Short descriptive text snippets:
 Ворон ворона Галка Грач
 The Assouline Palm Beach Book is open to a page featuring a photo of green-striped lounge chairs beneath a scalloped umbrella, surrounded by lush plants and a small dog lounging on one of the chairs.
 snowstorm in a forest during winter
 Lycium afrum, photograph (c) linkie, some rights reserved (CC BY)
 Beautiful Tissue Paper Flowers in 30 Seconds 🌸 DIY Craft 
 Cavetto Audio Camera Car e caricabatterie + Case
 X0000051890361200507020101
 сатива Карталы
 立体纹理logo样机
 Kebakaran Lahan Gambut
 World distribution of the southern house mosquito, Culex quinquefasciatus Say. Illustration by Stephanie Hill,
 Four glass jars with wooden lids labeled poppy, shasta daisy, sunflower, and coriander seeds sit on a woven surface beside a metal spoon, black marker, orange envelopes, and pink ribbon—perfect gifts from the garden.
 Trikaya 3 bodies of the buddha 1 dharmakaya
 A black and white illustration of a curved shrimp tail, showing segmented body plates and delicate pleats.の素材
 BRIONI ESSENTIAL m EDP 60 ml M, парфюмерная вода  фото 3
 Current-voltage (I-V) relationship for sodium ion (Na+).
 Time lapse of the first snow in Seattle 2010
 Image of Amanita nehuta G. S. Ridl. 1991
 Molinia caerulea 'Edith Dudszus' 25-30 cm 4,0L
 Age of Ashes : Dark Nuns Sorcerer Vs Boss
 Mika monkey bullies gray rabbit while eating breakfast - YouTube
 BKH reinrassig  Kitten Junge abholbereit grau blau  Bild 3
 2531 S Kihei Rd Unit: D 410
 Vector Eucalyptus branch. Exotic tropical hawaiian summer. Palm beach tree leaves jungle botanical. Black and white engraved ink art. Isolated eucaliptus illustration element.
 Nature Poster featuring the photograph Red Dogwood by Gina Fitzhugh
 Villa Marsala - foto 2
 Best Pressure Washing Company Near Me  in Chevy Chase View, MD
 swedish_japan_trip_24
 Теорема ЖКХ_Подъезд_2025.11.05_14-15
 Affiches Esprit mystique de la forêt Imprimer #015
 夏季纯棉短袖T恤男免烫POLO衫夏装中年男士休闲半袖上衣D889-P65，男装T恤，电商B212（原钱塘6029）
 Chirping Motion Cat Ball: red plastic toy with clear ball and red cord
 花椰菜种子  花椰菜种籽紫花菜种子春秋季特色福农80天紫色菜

→ Task goal: Exact copies of the lines from the start of the data up to the line holding "World distribution of", both included, are all that is needed.

→ Result of the exercise:
 Ворон ворона Галка Грач
 The Assouline Palm Beach Book is open to a page featuring a photo of green-striped lounge chairs beneath a scalloped umbrella, surrounded by lush plants and a small dog lounging on one of the chairs.
 snowstorm in a forest during winter
 Lycium afrum, photograph (c) linkie, some rights reserved (CC BY)
 Beautiful Tissue Paper Flowers in 30 Seconds 🌸 DIY Craft 
 Cavetto Audio Camera Car e caricabatterie + Case
 X0000051890361200507020101
 сатива Карталы
 立体纹理logo样机
 Kebakaran Lahan Gambut
 World distribution of the southern house mosquito, Culex quinquefasciatus Say. Illustration by Stephanie Hill,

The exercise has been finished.